Saturday, March 1, 2014

A tasty twist on Pasta Carbonara

Pasta Carbonara
#Local Meat

I love pasta Carbonara.  My husband LOVES pasta Carbonara.  My kids even like it!  There is only one problem....I hate cooking bacon!  I am not good at it.  Most times that I have tried to cook bacon it turns out half burned or too limp.  Not to mention my stove gets covered in bacon grease, so it winds up taking me just as long to clean it all up. Cooking bacon is just not my thing.  When we do eat it, it is usually on the weekends and my husband cooks it (willing, I should add, since he knows it is not going to turn out well if I do).  Now the chances of us having left over bacon to use for recipes during the week is slim to none.  So, I have few options when it comes to making carbonara....don't make it (but it's so good!), wait for my husband to get home and cook the bacon (we would be eating at 8:00), or use bacon that I cooked (YIKES! I don't want to ruin the dish).  I will admit that I have used the bagged bacon bits in the past, but the preservatives in them make me cringe so I am trying to steer clear.  Long story short is, it hasn't been looking good for pasta carbonara in our house lately.  That is until recently.

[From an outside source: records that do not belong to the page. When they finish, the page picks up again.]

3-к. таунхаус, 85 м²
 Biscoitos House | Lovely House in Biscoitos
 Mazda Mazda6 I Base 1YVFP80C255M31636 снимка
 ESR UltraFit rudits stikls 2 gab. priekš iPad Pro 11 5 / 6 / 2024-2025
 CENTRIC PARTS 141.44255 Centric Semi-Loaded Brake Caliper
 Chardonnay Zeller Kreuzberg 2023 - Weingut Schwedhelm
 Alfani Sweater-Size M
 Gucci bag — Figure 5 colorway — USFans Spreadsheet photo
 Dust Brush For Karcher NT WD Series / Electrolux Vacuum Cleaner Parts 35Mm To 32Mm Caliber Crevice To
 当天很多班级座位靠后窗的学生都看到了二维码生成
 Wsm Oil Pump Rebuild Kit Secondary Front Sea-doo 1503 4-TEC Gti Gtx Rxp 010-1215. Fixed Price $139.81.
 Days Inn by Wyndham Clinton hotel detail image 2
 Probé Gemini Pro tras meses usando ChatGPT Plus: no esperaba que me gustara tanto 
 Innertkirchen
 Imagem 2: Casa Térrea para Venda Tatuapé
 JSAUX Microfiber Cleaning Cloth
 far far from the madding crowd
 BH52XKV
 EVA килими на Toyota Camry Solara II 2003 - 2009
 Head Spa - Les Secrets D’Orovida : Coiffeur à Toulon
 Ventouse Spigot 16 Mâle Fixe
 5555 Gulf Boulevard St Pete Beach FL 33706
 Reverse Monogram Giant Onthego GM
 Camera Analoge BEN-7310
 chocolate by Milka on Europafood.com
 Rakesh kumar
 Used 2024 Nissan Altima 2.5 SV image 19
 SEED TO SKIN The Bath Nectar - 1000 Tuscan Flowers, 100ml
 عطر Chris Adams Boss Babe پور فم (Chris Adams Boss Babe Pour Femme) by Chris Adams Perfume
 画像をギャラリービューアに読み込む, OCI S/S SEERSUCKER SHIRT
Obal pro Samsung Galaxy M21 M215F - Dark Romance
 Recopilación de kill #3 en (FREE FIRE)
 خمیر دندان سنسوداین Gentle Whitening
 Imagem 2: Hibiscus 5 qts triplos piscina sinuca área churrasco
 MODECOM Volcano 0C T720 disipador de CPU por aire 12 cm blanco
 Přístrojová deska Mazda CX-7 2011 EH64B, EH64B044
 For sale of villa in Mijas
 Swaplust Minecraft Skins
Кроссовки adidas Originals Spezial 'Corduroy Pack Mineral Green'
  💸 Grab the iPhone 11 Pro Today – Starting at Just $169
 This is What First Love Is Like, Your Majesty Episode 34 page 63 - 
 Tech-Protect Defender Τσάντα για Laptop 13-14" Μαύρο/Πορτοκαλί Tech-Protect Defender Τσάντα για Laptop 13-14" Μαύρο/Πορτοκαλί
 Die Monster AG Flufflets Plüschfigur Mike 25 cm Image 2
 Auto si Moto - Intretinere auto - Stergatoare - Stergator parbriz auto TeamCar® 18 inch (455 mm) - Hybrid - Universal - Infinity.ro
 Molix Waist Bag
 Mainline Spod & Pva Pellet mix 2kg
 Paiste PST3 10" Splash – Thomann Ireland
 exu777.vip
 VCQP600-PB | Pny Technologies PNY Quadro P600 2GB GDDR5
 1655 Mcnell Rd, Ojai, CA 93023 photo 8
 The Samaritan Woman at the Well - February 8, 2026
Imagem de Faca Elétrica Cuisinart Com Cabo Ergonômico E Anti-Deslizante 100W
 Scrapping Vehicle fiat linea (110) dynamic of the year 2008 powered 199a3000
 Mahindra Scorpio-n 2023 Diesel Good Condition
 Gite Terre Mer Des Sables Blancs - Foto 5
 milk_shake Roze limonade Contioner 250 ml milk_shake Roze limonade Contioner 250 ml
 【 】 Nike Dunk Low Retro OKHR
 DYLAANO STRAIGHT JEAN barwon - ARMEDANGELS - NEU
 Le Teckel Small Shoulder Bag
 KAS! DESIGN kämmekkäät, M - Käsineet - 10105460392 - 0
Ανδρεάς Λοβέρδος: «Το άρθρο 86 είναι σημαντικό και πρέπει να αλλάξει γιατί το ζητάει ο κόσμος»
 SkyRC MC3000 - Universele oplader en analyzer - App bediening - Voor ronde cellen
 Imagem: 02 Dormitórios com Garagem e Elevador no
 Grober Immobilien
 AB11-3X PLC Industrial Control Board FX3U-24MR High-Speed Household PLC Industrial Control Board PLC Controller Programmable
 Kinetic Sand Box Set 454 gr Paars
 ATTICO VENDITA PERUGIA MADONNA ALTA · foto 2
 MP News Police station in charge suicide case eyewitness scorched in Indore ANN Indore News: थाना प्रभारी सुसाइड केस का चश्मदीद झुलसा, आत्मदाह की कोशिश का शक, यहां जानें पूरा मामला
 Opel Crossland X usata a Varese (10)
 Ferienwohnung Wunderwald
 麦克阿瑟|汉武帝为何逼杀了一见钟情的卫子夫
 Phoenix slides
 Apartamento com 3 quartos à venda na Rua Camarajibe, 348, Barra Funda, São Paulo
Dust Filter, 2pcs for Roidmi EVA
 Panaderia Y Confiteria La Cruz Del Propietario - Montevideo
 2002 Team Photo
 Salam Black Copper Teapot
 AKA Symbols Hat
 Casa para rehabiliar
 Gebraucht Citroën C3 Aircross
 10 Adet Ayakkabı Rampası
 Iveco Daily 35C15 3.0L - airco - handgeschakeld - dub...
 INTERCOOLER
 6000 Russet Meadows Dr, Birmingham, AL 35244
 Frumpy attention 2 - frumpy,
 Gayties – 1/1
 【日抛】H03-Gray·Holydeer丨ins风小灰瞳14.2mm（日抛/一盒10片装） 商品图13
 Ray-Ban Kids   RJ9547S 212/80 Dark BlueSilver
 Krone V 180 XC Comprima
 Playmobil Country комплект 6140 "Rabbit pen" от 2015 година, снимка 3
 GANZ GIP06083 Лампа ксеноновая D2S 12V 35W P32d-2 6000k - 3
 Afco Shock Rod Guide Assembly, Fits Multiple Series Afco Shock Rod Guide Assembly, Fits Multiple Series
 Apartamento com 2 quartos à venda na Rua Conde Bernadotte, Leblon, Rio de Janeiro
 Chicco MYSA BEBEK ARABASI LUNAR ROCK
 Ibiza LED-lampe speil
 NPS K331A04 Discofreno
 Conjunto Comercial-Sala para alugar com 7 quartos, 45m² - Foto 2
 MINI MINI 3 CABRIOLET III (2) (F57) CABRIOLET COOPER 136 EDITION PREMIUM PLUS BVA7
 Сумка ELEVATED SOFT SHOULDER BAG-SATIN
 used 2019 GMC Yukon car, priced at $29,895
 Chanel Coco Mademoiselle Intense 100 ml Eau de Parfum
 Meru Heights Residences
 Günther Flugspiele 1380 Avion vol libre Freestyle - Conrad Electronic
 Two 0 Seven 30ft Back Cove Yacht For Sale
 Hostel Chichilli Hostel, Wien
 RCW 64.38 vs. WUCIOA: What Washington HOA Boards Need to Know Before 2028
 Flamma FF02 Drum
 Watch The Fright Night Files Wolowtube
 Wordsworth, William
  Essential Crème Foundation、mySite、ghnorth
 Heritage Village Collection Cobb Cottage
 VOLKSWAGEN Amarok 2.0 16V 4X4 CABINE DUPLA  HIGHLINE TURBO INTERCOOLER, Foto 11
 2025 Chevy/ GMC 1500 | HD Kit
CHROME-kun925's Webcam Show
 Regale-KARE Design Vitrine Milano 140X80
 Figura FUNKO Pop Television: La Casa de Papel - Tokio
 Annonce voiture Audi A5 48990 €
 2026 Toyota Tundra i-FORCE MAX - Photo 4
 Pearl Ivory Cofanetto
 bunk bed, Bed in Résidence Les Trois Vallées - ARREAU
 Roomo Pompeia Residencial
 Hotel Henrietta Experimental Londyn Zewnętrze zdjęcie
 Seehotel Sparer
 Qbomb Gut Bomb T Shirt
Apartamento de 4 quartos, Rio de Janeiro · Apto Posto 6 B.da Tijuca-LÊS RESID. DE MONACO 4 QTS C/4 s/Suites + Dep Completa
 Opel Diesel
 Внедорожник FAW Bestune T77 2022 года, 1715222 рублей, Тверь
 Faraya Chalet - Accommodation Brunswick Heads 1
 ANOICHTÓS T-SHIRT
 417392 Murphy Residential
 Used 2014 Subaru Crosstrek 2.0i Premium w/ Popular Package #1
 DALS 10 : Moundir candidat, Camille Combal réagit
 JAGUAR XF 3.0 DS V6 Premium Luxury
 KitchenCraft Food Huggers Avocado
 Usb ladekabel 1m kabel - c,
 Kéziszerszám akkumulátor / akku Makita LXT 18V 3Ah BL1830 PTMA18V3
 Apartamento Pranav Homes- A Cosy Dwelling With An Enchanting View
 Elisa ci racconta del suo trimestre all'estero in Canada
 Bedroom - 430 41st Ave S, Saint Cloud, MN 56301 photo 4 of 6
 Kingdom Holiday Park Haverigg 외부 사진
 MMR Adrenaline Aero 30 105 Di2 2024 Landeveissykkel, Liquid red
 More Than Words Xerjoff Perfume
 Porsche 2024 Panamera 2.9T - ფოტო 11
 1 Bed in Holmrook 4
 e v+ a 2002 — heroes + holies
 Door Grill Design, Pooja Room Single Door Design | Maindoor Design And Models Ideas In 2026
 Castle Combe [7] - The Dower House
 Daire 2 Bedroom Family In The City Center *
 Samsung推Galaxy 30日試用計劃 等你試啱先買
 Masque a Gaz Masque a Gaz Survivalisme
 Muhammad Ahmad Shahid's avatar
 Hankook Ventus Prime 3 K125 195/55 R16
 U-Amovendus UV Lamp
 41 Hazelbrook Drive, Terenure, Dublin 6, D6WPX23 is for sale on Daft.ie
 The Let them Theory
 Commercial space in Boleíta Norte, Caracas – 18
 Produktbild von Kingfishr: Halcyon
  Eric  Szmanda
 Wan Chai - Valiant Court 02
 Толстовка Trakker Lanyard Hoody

My friend and amazing chef, Emily Prial from Side Hill Farmers, gave me a new and simple way to make it!  SOOOOO GOOD!!!!  I was a little nervous when she first told me that the recipe included a ham hock.  I had never used one before and was a bit daunted about how to cook it.  I shouldn't have been because it could not have been easier!    

Ingredients:
  • 1 local pasture raised Ham Hock
  • 1 large onion diced
  • 2 Tbs olive oil
  • 1 1/2 cups frozen organic peas
  • 2 local pasture raised eggs lightly beaten
  • 1/4 cup grated Parmesan cheese 
  • 12 oz organic linguine 
Directions:  

  1. Place ham hock in crock pot and cover with water.
  2. Cook on low for 8-10 hours.
  3. Take ham hock out. (save the water it was cooked in).  The meat will fall off the bone.  Separate fat from meat and shred meat.  
  4. Heat olive oil over medium heat and saute onions for about 5-6 mins.  
  5. Add peas and saute another 3 mins. 
  6. Add shredded ham to peas and onions.  Mix together and heat for another 2-3 mins
  7. Meanwhile cook pasta according to directions on the package.
  8. After pasta is cooked and drained add 1/4-1/2 cup of water to the cooked pasta and stir. 
  9. Add lightly beaten eggs to hot pasta with tongs until fully combined.  The eggs should cook from the heat of the pasta.  
  10. Add and combine onion, pea and ham mixture to pasta.  
  11. Add and combine Parmesan to pasta.
  12. Serve and enjoy!   Sprinkle with extra Parmesan if desired. 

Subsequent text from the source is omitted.